▶ INSTRUCTIONS TO FOLLOW: Copy the records below exactly, omitting any pictures they contain.

▶ TASK DATA:
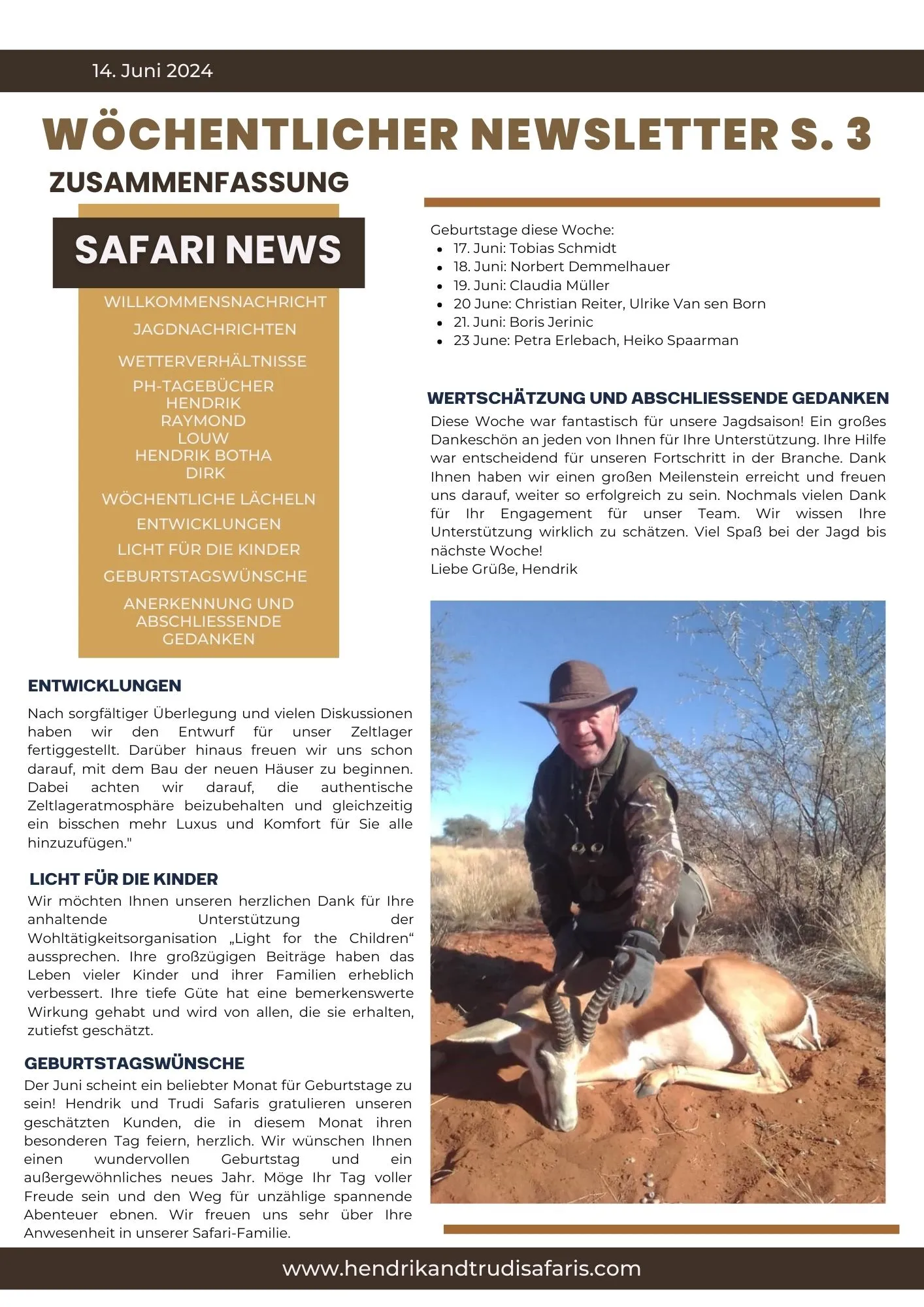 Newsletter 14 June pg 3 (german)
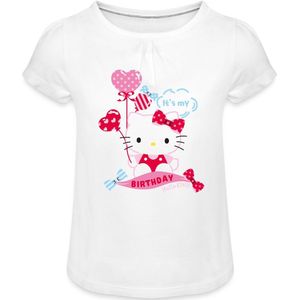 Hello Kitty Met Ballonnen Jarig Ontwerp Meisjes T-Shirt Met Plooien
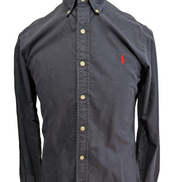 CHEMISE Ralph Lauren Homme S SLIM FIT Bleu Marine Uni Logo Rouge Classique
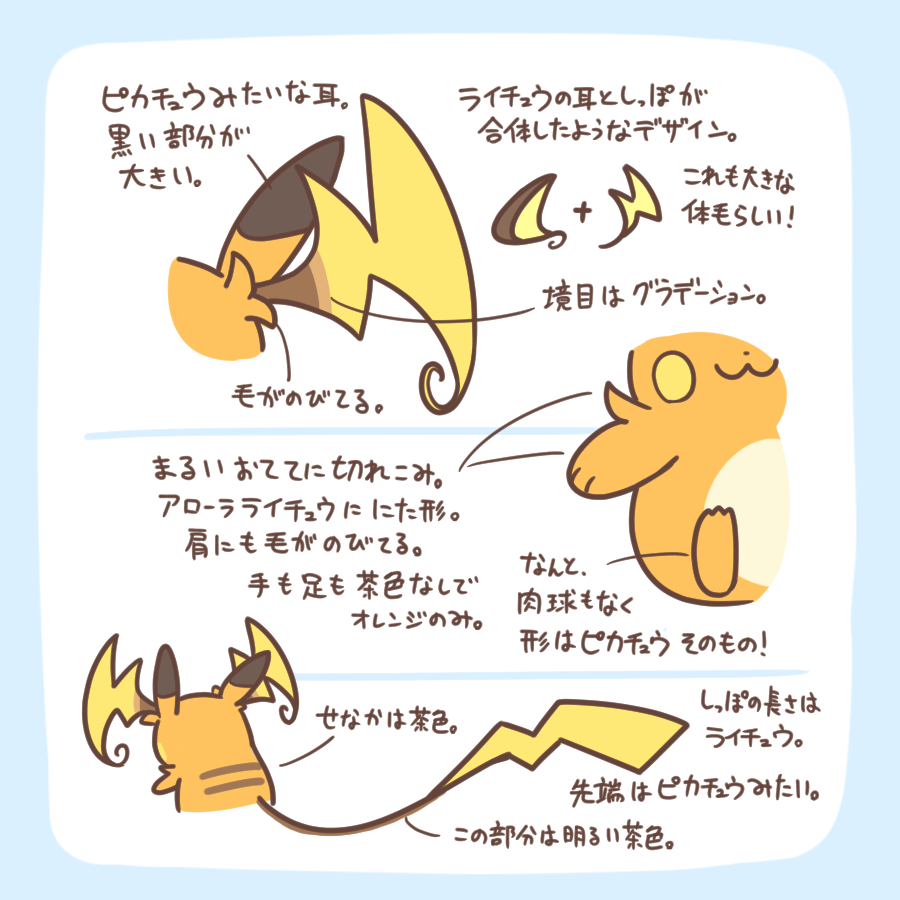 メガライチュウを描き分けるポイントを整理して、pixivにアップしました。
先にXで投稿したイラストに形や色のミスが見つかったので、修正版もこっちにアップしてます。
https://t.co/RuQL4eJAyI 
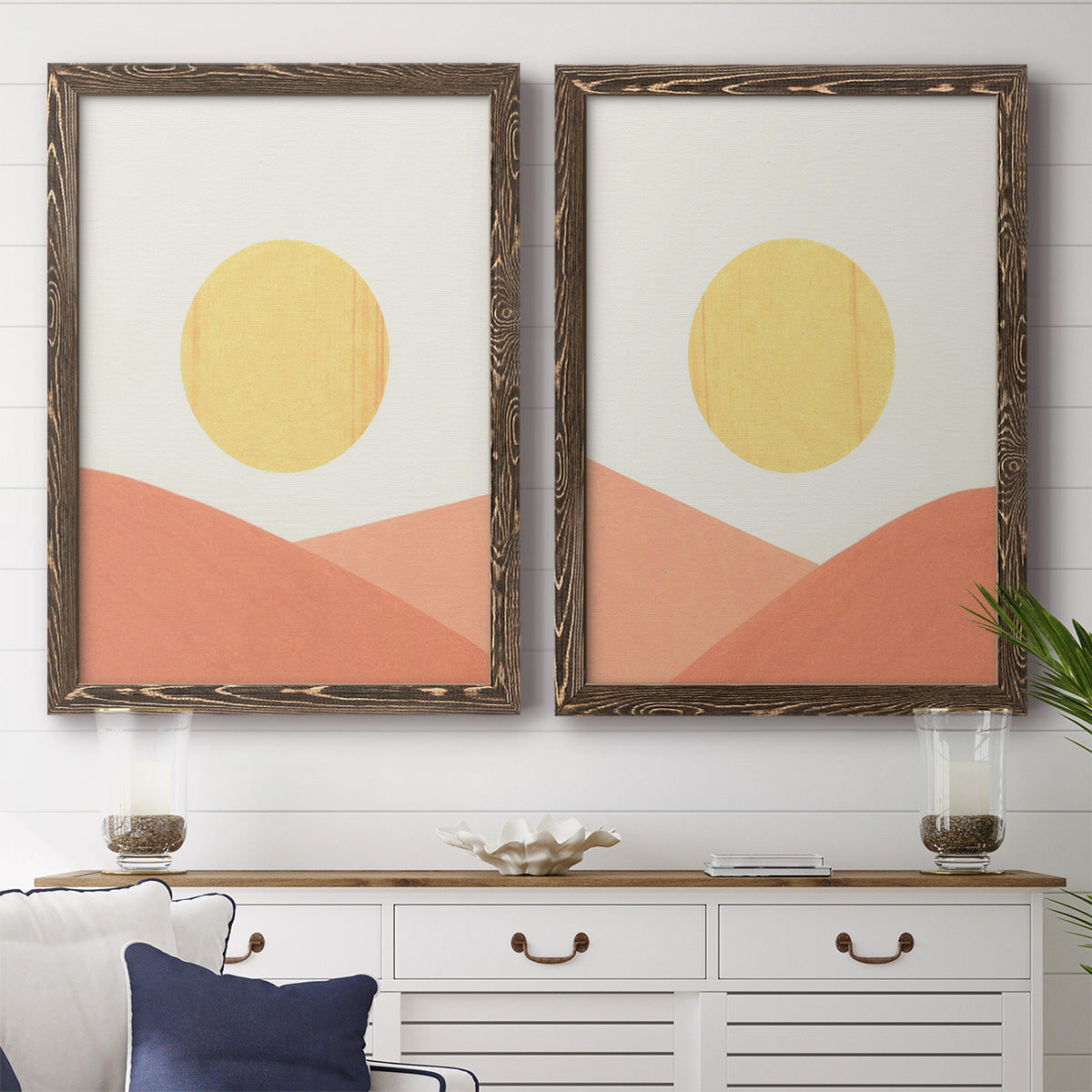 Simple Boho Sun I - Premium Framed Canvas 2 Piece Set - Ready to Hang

▶ COMPLETED TASK:
 Newsletter 14 June pg 3 (german)
 Hello Kitty Met Ballonnen Jarig Ontwerp Meisjes T-Shirt Met Plooien
 CHEMISE Ralph Lauren Homme S SLIM FIT Bleu Marine Uni Logo Rouge Classique
 メガライチュウを描き分けるポイントを整理して、pixivにアップしました。
先にXで投稿したイラストに形や色のミスが見つかったので、修正版もこっちにアップしてます。
https://t.co/RuQL4eJAyI 
 Simple Boho Sun I - Premium Framed Canvas 2 Piece Set - Ready to Hang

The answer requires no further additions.